The Akademisches Gymnasium is a coeducational gymnasium grammar school located in Graz, Styria, Austria. Founded in 1573 by Charles II, Archduke of Austria, it is the oldest secondary school in Graz.

== Overview ==
Akademisches Gymnasium Graz teaches modern languages situated providing also Latin and optional Greek, as regular school subjects. On average there are 24 classes, some 550 students and about 60 teachers.

The school's main aim is to develop the students' potential to the full and to help them grow into successful, caring and respectful young people.
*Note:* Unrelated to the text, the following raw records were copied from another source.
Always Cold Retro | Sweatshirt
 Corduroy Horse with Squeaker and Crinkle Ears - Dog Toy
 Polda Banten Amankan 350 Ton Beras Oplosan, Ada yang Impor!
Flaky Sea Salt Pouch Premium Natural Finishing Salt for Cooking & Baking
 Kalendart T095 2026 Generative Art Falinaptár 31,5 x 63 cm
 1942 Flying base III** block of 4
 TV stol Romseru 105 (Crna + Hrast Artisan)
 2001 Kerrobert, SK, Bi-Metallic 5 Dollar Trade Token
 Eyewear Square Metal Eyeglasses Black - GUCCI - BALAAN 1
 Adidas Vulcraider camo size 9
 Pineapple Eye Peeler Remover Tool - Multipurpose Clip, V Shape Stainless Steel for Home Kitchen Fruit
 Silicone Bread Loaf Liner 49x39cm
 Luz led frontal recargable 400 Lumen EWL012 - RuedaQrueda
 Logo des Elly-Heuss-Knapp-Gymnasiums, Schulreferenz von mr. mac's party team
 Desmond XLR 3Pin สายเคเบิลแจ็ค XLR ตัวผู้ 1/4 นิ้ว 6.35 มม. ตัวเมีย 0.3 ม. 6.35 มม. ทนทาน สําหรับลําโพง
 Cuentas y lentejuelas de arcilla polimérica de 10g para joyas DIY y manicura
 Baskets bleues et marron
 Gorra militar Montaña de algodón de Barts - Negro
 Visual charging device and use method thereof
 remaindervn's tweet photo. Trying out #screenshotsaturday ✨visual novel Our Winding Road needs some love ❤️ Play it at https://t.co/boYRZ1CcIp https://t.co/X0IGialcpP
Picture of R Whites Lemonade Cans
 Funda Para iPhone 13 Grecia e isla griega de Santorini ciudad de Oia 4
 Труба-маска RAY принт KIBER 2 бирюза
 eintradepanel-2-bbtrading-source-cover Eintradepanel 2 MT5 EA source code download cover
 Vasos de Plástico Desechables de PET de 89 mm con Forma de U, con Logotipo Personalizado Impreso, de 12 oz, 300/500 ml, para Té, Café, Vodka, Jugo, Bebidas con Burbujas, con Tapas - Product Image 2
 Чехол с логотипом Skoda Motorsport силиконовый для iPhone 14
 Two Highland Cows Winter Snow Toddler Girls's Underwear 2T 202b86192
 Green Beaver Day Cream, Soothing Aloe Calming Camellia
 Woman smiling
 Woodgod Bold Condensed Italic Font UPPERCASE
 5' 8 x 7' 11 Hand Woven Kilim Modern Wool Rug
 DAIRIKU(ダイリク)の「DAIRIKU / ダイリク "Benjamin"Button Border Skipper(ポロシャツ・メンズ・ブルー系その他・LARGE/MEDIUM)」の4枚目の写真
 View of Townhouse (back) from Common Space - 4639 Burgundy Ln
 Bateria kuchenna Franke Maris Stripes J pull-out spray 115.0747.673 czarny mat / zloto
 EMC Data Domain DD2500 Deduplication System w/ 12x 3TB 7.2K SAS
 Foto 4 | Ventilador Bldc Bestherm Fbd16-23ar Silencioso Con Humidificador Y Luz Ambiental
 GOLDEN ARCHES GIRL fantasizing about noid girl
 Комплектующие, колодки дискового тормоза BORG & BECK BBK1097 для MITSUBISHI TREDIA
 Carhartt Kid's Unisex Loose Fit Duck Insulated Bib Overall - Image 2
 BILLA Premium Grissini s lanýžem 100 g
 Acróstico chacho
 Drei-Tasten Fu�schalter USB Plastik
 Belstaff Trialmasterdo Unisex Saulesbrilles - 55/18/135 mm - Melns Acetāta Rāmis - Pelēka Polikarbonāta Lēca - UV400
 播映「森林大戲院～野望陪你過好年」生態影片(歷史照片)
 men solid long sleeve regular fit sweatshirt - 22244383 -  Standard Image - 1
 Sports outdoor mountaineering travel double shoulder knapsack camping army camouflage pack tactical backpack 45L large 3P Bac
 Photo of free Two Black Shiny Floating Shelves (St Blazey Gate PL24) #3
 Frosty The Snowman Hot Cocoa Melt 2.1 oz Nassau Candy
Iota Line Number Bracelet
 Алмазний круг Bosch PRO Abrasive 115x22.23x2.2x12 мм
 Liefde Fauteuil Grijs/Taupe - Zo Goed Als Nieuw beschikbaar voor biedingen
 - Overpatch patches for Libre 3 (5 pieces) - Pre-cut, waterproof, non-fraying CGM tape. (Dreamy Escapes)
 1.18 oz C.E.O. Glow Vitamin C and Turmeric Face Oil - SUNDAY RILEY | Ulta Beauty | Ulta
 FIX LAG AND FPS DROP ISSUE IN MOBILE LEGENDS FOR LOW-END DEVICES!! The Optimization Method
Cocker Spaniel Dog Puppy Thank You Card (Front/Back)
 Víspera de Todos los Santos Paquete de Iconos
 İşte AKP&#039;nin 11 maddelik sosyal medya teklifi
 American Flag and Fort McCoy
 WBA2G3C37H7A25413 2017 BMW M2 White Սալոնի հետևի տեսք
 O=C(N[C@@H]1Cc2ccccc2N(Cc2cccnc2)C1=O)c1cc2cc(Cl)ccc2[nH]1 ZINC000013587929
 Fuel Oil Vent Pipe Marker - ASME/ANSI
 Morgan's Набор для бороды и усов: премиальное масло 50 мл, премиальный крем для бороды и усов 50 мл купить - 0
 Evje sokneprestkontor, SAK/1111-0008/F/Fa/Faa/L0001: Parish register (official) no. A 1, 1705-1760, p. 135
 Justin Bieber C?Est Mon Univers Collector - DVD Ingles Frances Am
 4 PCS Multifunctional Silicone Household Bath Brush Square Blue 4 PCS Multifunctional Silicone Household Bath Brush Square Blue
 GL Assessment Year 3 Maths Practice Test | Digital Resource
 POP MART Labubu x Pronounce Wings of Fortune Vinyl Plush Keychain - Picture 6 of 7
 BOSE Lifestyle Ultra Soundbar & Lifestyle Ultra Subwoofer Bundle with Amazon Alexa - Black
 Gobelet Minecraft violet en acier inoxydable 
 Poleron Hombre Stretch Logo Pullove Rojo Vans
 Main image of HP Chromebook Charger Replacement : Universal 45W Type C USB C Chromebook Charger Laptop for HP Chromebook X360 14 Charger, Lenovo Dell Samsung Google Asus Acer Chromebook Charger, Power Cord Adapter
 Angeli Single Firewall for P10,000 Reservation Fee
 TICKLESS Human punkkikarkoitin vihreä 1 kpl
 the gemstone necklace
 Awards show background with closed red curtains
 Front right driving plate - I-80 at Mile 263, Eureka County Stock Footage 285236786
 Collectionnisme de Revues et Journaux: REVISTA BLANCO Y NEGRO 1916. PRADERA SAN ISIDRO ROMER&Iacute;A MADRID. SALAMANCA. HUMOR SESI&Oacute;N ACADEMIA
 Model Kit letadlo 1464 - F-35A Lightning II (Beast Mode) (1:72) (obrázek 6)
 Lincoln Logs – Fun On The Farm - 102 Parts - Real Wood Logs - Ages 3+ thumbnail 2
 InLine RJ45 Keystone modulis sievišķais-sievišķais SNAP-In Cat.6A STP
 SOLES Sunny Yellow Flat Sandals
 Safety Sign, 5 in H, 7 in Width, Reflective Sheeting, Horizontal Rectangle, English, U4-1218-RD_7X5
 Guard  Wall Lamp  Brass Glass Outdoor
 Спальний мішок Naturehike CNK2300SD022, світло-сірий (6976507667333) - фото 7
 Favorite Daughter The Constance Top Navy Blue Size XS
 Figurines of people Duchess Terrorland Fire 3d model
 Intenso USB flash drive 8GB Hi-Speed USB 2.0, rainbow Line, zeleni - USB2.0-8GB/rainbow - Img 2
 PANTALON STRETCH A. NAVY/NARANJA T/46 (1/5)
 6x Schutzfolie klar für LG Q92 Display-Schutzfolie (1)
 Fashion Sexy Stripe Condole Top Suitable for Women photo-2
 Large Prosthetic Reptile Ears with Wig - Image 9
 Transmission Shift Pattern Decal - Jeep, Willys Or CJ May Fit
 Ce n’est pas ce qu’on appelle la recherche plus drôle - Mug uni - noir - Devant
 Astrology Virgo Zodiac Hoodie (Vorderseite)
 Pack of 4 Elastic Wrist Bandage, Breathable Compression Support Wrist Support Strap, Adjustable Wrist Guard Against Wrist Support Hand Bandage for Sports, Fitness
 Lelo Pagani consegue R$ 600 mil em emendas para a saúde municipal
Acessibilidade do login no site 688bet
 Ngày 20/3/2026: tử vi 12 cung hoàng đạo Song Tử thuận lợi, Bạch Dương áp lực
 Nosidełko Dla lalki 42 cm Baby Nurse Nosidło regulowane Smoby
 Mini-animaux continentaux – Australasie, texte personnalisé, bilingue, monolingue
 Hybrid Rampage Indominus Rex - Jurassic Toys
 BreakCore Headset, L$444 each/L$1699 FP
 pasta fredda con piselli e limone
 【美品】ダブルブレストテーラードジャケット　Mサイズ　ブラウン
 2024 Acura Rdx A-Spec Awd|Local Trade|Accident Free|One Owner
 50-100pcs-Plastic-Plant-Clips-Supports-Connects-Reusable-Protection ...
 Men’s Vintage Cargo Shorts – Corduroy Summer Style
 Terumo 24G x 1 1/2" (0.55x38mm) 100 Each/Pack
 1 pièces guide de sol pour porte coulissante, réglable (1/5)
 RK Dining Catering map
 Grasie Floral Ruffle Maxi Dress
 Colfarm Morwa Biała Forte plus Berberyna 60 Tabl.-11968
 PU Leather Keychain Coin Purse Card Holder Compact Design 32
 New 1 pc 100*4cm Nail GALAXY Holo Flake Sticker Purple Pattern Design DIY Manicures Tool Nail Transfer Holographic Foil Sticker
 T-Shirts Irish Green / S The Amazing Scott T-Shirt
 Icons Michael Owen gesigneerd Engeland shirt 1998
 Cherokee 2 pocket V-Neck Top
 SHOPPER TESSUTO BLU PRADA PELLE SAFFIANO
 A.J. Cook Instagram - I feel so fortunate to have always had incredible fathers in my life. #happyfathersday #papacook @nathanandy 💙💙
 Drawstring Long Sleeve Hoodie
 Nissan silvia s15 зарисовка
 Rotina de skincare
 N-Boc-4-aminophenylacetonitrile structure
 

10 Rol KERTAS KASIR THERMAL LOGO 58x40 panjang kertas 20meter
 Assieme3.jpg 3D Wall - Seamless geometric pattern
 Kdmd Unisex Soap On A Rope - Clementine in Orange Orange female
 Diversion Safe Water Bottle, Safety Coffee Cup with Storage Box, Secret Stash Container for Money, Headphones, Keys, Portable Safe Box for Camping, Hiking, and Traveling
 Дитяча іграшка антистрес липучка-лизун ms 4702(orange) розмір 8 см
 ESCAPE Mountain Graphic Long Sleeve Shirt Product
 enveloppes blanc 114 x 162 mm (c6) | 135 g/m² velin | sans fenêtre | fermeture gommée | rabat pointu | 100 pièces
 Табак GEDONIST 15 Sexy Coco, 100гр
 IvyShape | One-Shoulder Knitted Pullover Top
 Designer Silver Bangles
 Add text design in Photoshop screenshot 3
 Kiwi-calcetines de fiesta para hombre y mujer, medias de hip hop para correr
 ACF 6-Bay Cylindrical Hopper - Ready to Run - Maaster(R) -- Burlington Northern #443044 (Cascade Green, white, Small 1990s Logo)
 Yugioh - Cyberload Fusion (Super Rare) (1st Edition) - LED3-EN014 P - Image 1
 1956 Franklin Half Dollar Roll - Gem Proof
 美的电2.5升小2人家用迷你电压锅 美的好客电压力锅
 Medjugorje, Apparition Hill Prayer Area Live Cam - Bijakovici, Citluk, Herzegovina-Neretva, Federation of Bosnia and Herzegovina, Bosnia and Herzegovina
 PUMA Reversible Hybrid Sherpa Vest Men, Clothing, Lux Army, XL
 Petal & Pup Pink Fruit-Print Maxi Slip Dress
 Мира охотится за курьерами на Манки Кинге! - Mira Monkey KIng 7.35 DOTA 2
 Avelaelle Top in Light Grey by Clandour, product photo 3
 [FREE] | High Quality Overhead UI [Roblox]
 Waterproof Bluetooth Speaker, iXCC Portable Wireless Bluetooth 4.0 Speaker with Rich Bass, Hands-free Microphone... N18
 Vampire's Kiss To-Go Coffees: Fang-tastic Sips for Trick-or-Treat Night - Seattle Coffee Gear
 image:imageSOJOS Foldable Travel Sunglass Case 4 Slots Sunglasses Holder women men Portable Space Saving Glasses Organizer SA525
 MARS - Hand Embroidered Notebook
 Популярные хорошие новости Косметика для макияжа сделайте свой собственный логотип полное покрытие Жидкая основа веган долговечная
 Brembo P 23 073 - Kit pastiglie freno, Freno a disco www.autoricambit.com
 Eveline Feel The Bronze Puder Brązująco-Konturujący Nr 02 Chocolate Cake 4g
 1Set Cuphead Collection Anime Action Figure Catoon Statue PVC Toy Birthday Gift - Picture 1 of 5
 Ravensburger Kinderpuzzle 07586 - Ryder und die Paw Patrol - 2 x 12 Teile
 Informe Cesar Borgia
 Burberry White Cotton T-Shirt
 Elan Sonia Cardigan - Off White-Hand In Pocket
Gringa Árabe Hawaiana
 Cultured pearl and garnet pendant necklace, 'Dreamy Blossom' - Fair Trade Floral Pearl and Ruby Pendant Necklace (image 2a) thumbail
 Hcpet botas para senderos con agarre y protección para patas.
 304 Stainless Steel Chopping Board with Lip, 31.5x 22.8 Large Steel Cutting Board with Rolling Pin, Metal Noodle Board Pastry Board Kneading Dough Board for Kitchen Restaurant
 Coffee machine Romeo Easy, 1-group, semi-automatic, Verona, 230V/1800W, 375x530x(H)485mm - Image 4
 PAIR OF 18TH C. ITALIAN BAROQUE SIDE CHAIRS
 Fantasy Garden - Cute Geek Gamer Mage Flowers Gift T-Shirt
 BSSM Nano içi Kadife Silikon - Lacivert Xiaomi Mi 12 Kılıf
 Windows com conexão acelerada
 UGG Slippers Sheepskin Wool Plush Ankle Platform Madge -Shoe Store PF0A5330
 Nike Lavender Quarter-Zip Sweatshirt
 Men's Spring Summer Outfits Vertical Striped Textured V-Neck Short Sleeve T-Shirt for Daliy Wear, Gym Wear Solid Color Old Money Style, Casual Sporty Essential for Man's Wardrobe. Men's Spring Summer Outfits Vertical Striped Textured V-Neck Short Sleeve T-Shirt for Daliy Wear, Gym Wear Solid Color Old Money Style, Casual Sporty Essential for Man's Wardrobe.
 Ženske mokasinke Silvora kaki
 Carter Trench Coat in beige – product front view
In order to achieve this, Akademisches provides corporate teamwork (learners/teachers/parents/administration) and a safe, supportive environment for students within which their academic, cultural and emotional needs are met, sometimes even beyond the statutory curriculum.

Not only with its course system in upper forms can students set their own priorities in their school careers (science, languages etc.) but also by taking part in school partnerships, trips abroad, cooperation with universities, competitions on all levels, school projects, artistic activities, exhibitions, social projects and lots more.

Specially trained teachers assist gifted and talented students in developing their skills. Furthermore, there is a day-care facility for students aged 10 to 14 until 5 p.m. They receive professional help with their homework, but there is also room for individual activities.